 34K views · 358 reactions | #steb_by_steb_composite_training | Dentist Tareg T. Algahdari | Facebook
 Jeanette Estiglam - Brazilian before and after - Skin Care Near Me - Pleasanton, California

--

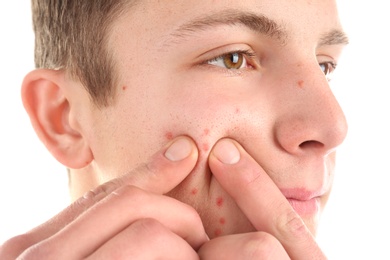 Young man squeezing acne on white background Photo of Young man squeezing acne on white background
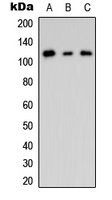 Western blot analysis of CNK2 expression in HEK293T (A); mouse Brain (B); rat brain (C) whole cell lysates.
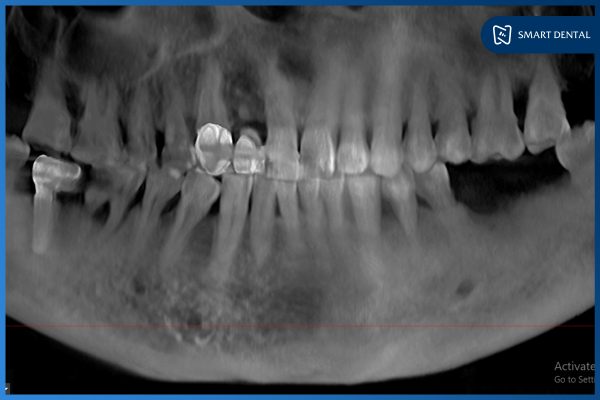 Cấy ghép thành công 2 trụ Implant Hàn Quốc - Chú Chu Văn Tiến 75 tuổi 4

--

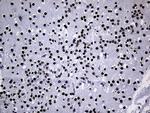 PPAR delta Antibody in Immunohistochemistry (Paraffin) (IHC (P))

# Work to be completed:
The required output is every line above from the one with "34K views ·" down to the one with "Jeanette Estiglam - Brazilian", restated word for word, ends included.

# Exercise answer:
 34K views · 358 reactions | #steb_by_steb_composite_training | Dentist Tareg T. Algahdari | Facebook
 Jeanette Estiglam - Brazilian before and after - Skin Care Near Me - Pleasanton, California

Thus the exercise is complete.